Message 25 of 31 (298191)
03-25-2006 11:35 PM
Reply to: Message 7 by boolean
03-25-2006 10:15 AM


Do we still attribute the flight of birds to God, or do we attribute it to aerodynamics
aewrodynamics is a small picture, God is the big picture.
I wonder sometimes if part of being God is gravity, the glue that holds the universe together, and allows aerodynamics to take place.
gravity and the force that started the universe has to have come from somewhere. It didn't just pop out of nothing.
In other words, why? why the universe?
I hope you don't think because we figured out that lift is created by air flowing over the arc on the top of the birds wing, and controlled by his feathers that we somehow know everything, and God doesn't exist.
God was there with 100BC man, but now he doesn’t seem to be with us.
Please explain exactly how a bird flies. Explain how the molecules in the air remain a certain space a part and give it it's density, and not collapse in on each other. Please exactly how electron spin around a nucleus and why, and then explain exactly how gravity works, and why it exists in the universe.
There is much to learn, we are infants in what we know about the universe. The further we look, the firther we see, the smaller we look, the smaller things are.
Can science explain your purpose in life?
The 100BC man spent every day watching God play with the world, be it through lightning or an eclipse because of his LACK of understanding about the world around him.
I still look at that stuff, even though I have a very good understanding of how it works, and thank God for it.
100BC man saw God throw bolts to the ground and God push the Moon in front of the Sun.

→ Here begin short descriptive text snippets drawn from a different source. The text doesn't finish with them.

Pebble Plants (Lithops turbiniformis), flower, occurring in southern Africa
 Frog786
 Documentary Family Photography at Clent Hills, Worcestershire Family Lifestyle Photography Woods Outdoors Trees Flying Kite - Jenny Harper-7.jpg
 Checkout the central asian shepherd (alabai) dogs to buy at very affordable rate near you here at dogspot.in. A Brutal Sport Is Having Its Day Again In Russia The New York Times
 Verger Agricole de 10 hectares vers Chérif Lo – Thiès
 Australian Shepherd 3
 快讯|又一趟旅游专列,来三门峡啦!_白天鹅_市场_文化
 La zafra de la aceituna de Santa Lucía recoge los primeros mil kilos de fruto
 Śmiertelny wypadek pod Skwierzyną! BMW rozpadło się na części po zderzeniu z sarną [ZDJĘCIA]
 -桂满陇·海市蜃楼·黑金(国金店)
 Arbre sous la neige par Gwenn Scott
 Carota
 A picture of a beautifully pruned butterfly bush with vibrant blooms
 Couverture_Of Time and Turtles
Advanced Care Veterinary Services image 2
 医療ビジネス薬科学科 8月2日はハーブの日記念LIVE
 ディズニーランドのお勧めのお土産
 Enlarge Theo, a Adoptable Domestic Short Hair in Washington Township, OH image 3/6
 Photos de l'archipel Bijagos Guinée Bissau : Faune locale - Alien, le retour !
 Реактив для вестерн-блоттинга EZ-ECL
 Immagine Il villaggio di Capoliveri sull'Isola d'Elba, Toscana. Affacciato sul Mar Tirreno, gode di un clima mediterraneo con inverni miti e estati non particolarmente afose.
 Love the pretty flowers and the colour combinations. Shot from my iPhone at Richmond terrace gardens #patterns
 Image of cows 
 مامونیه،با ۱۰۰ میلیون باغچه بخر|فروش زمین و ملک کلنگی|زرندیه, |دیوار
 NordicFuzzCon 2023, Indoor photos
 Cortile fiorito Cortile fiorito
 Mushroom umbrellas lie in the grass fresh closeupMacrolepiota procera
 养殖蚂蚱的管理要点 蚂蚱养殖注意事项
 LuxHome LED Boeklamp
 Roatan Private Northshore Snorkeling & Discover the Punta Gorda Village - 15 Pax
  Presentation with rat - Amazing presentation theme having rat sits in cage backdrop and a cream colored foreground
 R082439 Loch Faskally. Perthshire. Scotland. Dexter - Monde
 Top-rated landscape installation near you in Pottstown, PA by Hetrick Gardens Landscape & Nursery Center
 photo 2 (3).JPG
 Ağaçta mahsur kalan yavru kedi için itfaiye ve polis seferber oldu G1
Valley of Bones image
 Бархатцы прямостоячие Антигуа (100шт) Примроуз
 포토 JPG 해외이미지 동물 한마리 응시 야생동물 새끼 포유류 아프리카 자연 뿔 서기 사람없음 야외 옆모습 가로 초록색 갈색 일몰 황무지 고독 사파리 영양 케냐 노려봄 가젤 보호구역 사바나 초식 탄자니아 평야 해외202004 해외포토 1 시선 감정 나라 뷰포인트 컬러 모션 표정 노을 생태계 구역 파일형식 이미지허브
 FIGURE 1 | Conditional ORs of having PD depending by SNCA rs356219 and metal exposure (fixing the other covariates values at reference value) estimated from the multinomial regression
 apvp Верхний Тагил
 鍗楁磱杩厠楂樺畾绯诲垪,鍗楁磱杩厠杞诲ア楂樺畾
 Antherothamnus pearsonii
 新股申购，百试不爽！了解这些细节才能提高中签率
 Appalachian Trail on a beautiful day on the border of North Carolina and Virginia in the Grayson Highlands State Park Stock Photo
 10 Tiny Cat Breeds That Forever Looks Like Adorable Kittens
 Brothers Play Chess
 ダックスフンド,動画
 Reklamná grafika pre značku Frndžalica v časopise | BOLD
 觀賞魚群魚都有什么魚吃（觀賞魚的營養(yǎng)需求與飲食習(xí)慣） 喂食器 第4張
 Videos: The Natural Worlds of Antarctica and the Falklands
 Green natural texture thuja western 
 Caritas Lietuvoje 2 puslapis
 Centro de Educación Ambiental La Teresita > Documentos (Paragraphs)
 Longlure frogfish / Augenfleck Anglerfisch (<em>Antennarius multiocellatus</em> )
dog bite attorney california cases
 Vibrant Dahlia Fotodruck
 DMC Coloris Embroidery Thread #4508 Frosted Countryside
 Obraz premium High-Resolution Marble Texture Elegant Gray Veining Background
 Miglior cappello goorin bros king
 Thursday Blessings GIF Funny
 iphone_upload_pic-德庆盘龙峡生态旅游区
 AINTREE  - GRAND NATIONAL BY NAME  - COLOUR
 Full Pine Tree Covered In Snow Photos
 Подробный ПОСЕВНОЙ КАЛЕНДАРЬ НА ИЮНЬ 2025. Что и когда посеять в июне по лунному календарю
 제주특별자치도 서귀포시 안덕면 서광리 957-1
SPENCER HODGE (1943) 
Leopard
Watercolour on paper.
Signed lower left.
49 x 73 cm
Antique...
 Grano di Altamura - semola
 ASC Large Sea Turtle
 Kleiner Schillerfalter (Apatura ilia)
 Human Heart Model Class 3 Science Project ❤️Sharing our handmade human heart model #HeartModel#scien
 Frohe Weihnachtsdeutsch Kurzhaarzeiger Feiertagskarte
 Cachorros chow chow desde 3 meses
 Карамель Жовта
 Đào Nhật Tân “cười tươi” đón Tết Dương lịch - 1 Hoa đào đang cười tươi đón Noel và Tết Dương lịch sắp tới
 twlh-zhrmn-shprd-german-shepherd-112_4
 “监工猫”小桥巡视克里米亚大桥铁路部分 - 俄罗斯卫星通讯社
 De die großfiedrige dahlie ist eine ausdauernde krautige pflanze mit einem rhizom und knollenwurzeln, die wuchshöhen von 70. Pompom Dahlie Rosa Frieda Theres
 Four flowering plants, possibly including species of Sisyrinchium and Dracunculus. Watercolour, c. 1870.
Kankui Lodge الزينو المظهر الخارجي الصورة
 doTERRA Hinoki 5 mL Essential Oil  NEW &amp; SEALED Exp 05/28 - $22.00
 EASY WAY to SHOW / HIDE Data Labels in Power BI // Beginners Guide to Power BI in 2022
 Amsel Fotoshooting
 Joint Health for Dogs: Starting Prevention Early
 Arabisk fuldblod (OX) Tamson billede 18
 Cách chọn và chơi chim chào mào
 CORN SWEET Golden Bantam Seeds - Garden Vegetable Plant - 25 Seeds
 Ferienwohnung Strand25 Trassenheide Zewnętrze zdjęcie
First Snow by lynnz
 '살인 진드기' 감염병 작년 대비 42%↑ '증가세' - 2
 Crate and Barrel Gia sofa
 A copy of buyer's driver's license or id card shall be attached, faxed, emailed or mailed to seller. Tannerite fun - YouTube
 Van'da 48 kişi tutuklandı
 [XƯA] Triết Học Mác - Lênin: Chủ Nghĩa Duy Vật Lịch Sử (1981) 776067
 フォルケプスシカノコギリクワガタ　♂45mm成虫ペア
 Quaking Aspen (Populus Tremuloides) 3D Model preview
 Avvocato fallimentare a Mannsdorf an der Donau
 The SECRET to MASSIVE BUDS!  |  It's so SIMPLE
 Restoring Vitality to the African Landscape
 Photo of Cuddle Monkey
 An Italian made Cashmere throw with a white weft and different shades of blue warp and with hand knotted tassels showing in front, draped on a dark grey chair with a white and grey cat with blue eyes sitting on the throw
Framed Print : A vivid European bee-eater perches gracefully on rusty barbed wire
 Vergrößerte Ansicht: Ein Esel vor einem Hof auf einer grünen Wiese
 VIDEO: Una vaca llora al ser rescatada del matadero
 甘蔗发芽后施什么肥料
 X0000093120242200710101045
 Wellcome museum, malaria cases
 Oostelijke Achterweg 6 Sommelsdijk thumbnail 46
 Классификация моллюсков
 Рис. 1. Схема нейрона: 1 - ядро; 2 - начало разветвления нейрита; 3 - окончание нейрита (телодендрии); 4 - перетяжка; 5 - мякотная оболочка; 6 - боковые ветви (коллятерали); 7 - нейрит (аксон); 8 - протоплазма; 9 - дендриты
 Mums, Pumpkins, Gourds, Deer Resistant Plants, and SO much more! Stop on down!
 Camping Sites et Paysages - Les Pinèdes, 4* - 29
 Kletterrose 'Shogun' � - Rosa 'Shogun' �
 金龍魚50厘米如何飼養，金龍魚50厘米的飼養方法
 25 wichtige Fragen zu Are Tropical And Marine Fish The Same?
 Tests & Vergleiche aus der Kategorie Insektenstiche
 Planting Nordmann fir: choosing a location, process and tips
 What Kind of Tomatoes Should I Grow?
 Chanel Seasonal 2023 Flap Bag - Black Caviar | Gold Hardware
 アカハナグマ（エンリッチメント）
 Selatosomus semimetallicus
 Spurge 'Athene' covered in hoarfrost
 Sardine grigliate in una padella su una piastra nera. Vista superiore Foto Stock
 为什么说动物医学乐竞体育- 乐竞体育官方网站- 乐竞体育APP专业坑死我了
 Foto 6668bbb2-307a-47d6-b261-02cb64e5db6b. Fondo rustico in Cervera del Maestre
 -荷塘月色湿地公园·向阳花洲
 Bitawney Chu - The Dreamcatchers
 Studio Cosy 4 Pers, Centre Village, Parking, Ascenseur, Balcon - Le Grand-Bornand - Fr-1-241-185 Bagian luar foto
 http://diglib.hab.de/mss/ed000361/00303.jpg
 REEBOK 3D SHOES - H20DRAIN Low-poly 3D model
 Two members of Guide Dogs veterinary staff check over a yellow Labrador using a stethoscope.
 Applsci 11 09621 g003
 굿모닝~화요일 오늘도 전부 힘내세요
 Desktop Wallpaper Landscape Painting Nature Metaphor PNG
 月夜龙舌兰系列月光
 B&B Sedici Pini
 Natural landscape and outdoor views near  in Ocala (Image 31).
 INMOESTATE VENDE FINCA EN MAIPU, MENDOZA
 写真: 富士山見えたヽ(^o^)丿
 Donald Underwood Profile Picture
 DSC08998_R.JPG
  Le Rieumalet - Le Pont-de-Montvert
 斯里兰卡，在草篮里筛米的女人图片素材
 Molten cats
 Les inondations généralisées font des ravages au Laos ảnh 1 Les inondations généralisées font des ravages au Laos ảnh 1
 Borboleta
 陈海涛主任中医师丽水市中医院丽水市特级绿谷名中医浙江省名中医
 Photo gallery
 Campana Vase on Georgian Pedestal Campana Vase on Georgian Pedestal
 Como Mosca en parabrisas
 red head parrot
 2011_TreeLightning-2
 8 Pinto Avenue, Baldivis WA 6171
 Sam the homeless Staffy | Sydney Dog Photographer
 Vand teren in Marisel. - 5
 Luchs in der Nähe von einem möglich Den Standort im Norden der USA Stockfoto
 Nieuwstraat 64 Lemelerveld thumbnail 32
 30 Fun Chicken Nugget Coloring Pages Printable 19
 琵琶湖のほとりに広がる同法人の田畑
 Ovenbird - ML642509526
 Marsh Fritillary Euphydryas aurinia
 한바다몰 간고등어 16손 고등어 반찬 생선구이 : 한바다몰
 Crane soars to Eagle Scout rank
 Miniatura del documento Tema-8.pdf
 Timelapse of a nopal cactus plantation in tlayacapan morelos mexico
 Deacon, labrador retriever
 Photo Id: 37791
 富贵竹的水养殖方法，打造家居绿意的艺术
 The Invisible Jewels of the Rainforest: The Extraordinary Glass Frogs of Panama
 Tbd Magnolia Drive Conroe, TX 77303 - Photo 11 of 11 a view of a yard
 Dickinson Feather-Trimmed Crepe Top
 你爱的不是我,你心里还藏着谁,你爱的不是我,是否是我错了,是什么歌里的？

Now we see lighting and an eclipse.
I don't know, but I think we could learn a lot from the 100BC man. His life was much simpler, and maybe he could see things more clearer. Just because he contributed things to God, doesn't make him wrong. If God exists, then it's all from God.
What does God actually do in this day and age?
Same thing he did before.
But basically it's up to you. You can be God's friend if you want to.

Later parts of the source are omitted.